Duisburg. . „Schwer vorstellbar“ sei Willy Brandts Vision vom blauen Himmel über der Ruhr damals gewesen, erinnert sich

Hat Willy Brandt die Stimmung getroffen, als er den blauen Himmel über der Ruhr versprach?

Jochen Flasbarth: Brandt hat die Stimmung getroffen, aber auch das richtige Symbol: Das Ruhrgebiet, die Schwerindustrie Deutschlands.

Wurde sein Versprechen verwirklicht?

Es ist umgesetzt worden, was Brandt damals angekündigt hat. Das Ruhrgebiet verkörpert eine unglaubliche Erfolgsgeschichte des Umweltschutzes. Einer der Hauptschadstoffe, das Schwefeldioxid, haben wir im Ruhrgebiet und auch in Deutschland als Problem praktisch nicht mehr: Die Belastung ist um mehr als 90 Prozent zurückgegangen. Die Staubbelastung ist enorm zurückgegangen. Das gilt ebenso für die Schadstoffe in den Gewässern. Dass aus der Emscher jemals mehr werden würde als ein stinkender, dreckiger Abwasserkanal, konnten wir uns nicht vorstellen.

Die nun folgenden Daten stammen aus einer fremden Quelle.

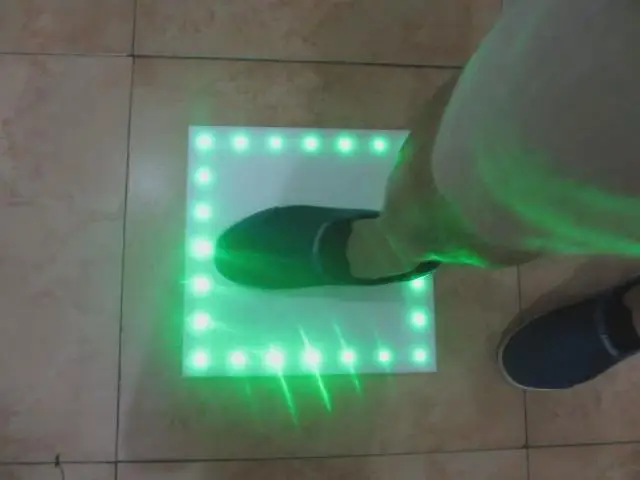 Пьезоэлектрический пол для поколения энергии может использоваться в популярных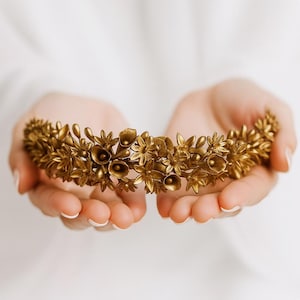 Bridal Tiara with Porcelain Mini Flowers and Stamens – Floral Headpiece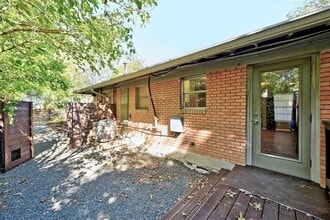 707 Josephine St, Unit B in Austin, TX - Building Photo - Building Photo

Wie sieht die Umweltbelastung im Revier heute aus?

Damals hatte man mit dem gröberen Staub zu tun. Heute ist es der Feinstaub aus der Industrie wie aus dem Verkehr. An vielen Stellen werden im Ruhrgebiet die Grenzwerte überschritten. Das gilt auch für Stickoxide. Diese Umweltbelastungen, die für die Gesundheit der Menschen sehr problematisch sind, hat man damals nicht gesehen, sie wurden von den großen sichtbaren Umweltproblemen überdeckt.

Nun gibt es Feinstaub in allen Großstädten ...

Ja. Aber der Feinstaub tritt im Ruhrgebiet recht gehäuft auf. Eine Möglichkeit, dieses Thema in den Griff zu bekommen, wäre eine großflächige Umweltzone, in die man nur mit grüner Plakette hineinfahren darf. Erst wenn dieses realisiert ist, zeigen Umweltzonen eine deutliche Wirkung.

Ist der Erfolg im Umweltschutz zu Lasten der Arbeitsplätze gegangen?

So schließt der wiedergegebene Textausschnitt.